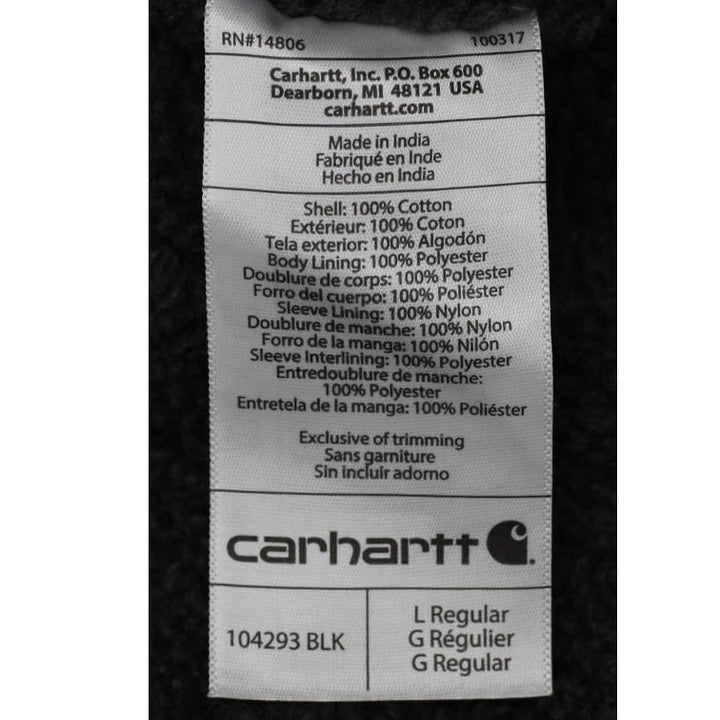 Mens Carhartt 104293 BLK Sherpa Lined Full Zip Jacket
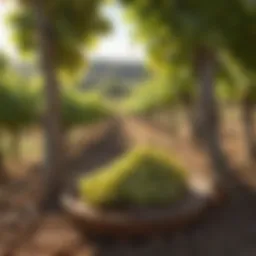 A picturesque vineyard landscape showcasing Chardonnay grapes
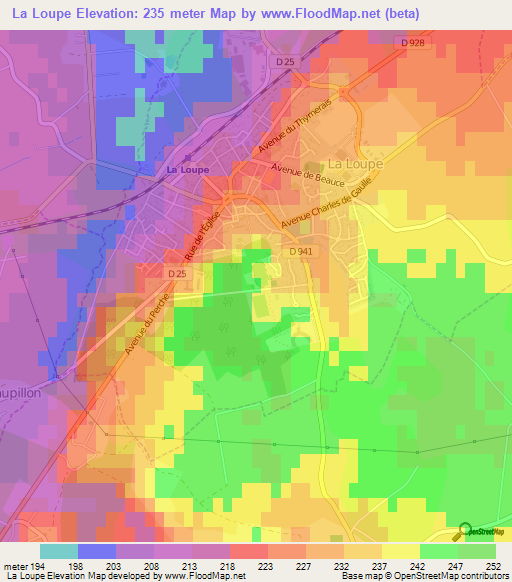 La Loupe,France Elevation Map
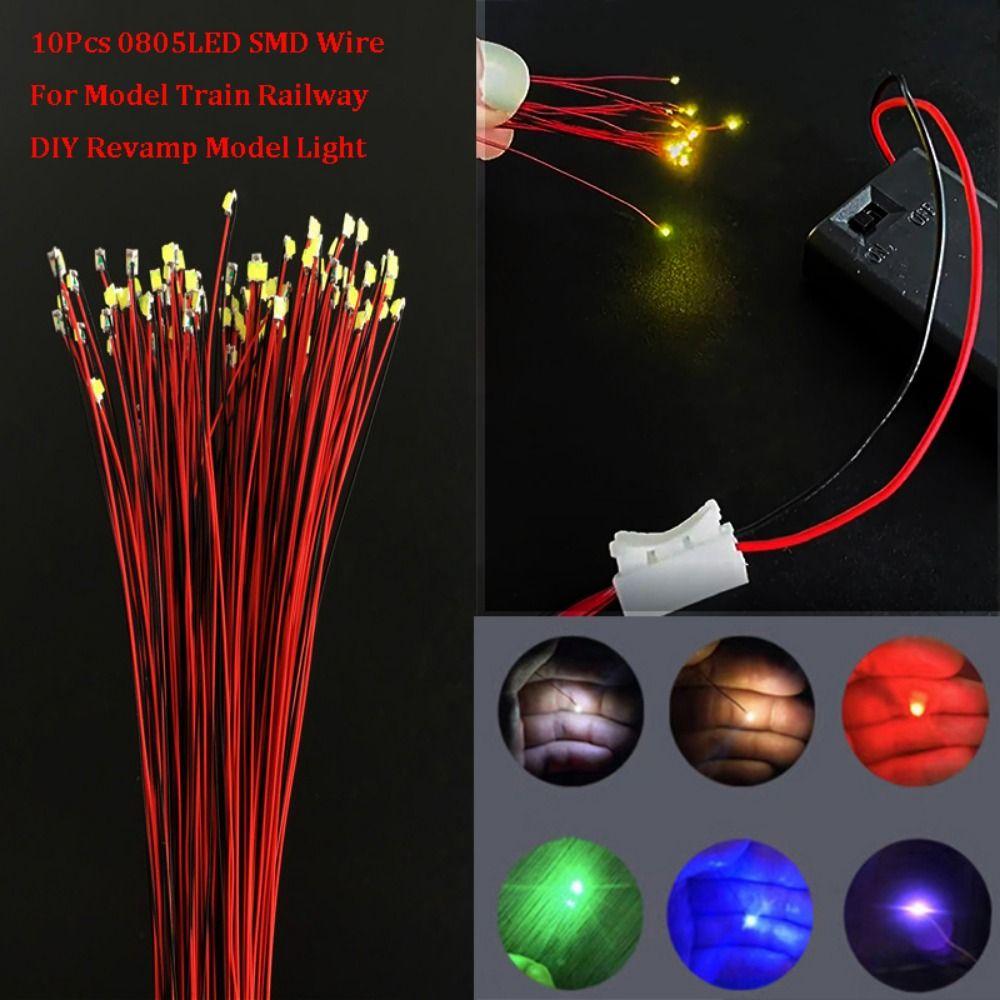 10Pcs Red Black Line 0805LED SMD Wire Light HO N OO Scale Pre-soldered Micro Railway Decoration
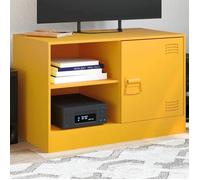 vidaXL Meuble TV Jaune moutarde 67x39x44 cm Acier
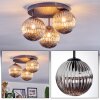 Chehalis ceiling light, globe light 34 cm Smoke-coloured, 3-light sources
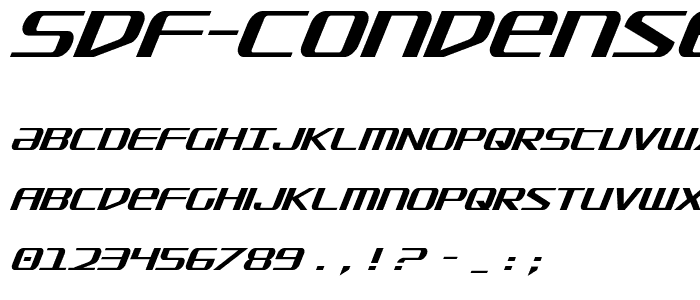SDF Condensed Italic font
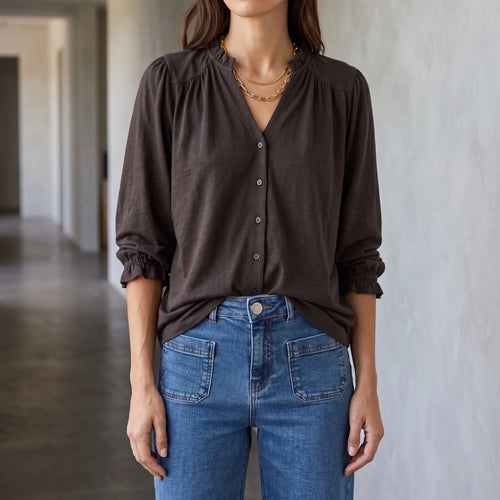 Avenelle - Ruffle Collar Button Front Blouse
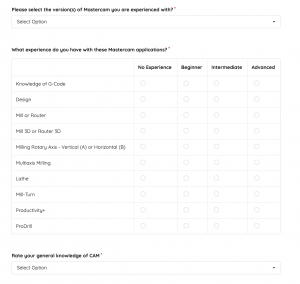 A list of various Mastercam products with checkboxes next to them that list different skill levels.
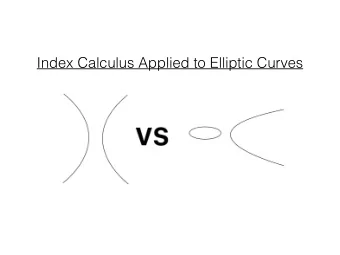 Index Calculus Applied to Elliptic Curves  Whats the Problem?  Elliptic Curve Discrete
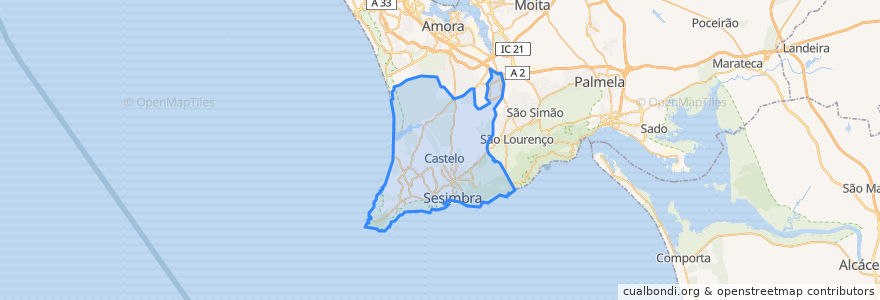 Mapa de ubicacion de Sesimbra.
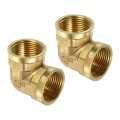 2 Pcs G 3 4 Inch Female X 90 Degree Elbow Brass L Right Angle Pipe Fitting Connector For Fluid Gas Fuel Oil 41x41mm 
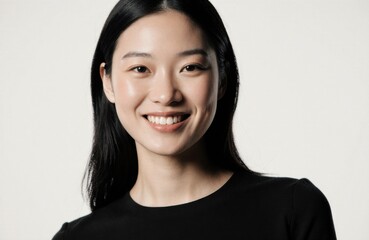 Woman smiling with black hair and a black top on a plain light background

## WHAT TO WORK ON
Print the entries above word for word, without pictures.

## YOUR RESPONSE
 Mens Carhartt 104293 BLK Sherpa Lined Full Zip Jacket
 A picturesque vineyard landscape showcasing Chardonnay grapes
 La Loupe,France Elevation Map
 10Pcs Red Black Line 0805LED SMD Wire Light HO N OO Scale Pre-soldered Micro Railway Decoration
 vidaXL Meuble TV Jaune moutarde 67x39x44 cm Acier
 Chehalis ceiling light, globe light 34 cm Smoke-coloured, 3-light sources
SDF Condensed Italic font
 Avenelle - Ruffle Collar Button Front Blouse
 A list of various Mastercam products with checkboxes next to them that list different skill levels.
 Index Calculus Applied to Elliptic Curves  Whats the Problem?  Elliptic Curve Discrete
 Mapa de ubicacion de Sesimbra.
 2 Pcs G 3 4 Inch Female X 90 Degree Elbow Brass L Right Angle Pipe Fitting Connector For Fluid Gas Fuel Oil 41x41mm 
 Woman smiling with black hair and a black top on a plain light background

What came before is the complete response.